They don't need any other platform other than "We Hate Obama".  And if we ignore them, they won't go away.

They'll win.

Time to fight back.  The Republicans certainly plan to.

More Useful Idiocy

Maha's analysis of Russ Feingold, Useful Idiot, is spot on.

I like Russ Feingold, but I think Mark Kleiman makes a good point about Feingold and the financial reform bill. Feingold was the only Democrat who voted with the Republicans against cloture. He did this because he didn’t think the bill was good enough, and I suspect I would agree with all of his objections.

However, Mark says, because Harry Reid had to compromise with some “moderates” so the bill could be voted on, it was watered down even more. Mark writes,
With the W.Va. seat still vacant, that meant that Reid needed Snow, Collins, and Scott Brown, as well as Ben Nelson. … The bill as passed exempts at least three major sources of consumer maltreatment in the financial market: car loans, payday loans, and check-cashing services. It omits the $19B bank tax to pay for bailouts. It has a very weak form of the “Volcker rule,” thus leaving the country exposed to future meltdowns. Those concessions were the price of those last four votes.
Mark goes on to say that Feingold suffers from “integrity narcissism,” which is a great phrase. It’s a syndrome I normally associate with Dennis Kucinich, but if the shoe fits …

And there's a lot of this integrity narcissism going around.  Feingold's a politician, after all.  But Maha brings up the much larger and much more important point that by refusing to compromise on the fact the bill wasn't good enough, the Dems had to then turn to the Republicans who made the bill worse.

And someone needs to beat Russ Feingold and in fact all the Firebaggers over the head with that salient point until they understand.  It is one thing to say "I will not support this bill because it's not good enough."  But when that intractable refusal to compromise becomes an abdication of legislative responsibility, and that loss of a vote in our hyper-partisan Senate means that Republicans can then work to strip out the provisions they don't like, your integrity doesn't mean a damn thing.

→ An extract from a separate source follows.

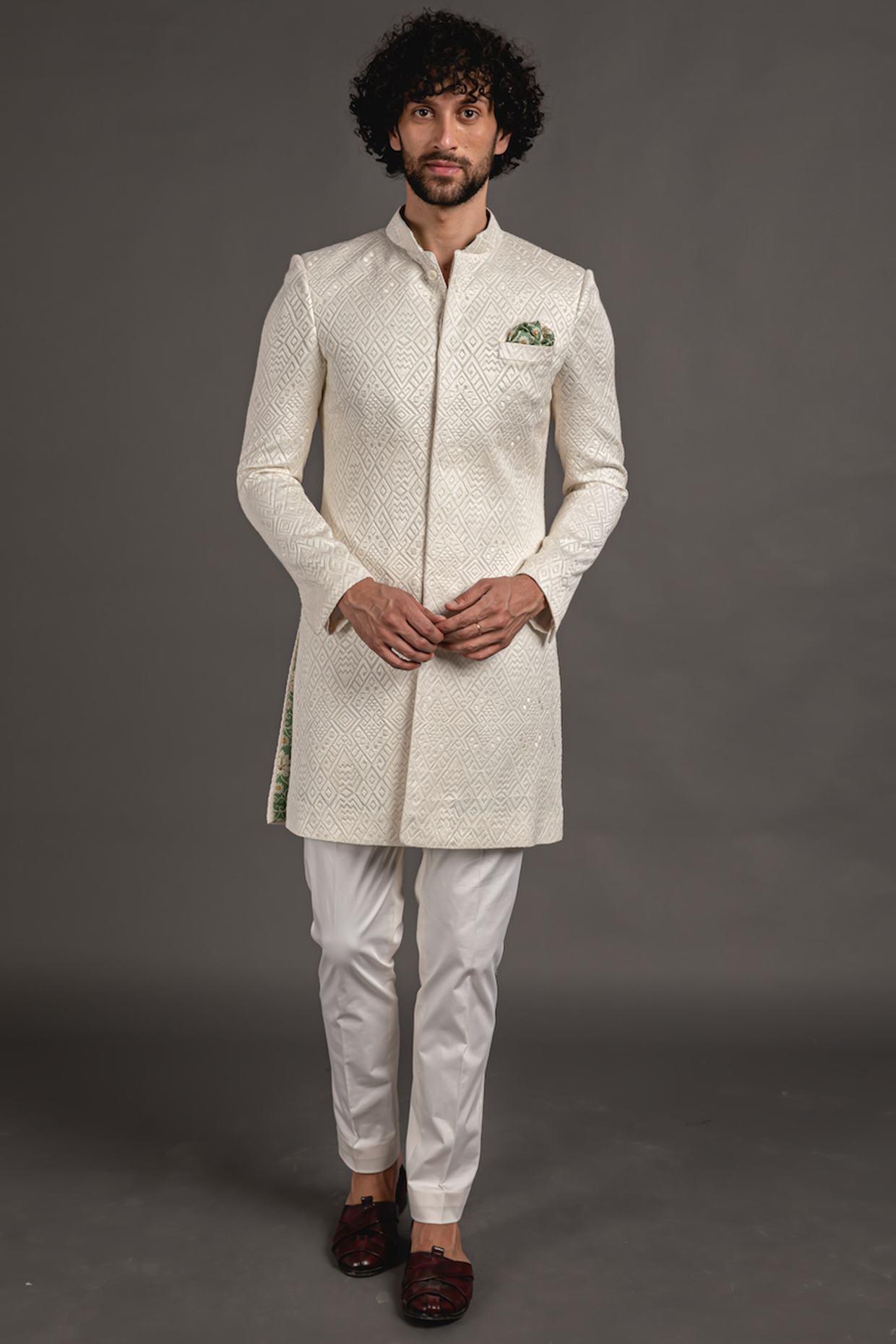 White Silk Georgette Achkan Set  by ARJAN DUGAL at Pernia's Pop Up Shop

Russ Feingold made the bill worse by not voting for it, which was the complete opposite of what Feingold's stated intent was.  This is what I mean by "useful idiocy" for the GOP.  How did Feingold's opposition make the legislation more progressive in any way?  It failed miserably in that respect:  the Dems then courted Scott Brown, who had his own list of demands.  His demands were met.
“I’ve spent the past week reviewing the Wall Street reform bill. I appreciate the efforts to improve the bill, especially the removal of the $19 billion bank tax."
So again, what did Russ Feingold accomplish other than being a useful idiot?

The Mask Slips Again

And Republicans accidentally tell the truth.  Today's supplicant?  New York Republican Rep. Peter King.
Rep. Peter King (R-NY) told a radio show Thursday that the GOP should focus on its strategy of being against President Barack Obama's policies, but shouldn't give too many specifics on its own policies -- or those policies could be used against them.

GOP strategy should be "a combination of being against what Obama is for, and also giving certain specifics of what we are for," King told the Bill Bennett Radio Show. "Having said that, I don’t think we have to lay out a complete agenda, from top to bottom, because then we would have the national mainstream media jumping on every point trying to make that a campaign issue."
Hey that's awesome.  Peter King isn't even pretending anymore that the Republicans even have any ideas to fix the economy, just that they hate Obama and want you to hate him too.  Why lay out any specifics to help America when you can just call Obama a socialist or blow the racism dog whistle and win votes?  Oh no, if we lay out an agenda, the media might do their job and ask us questions about it!  We can't have that, right?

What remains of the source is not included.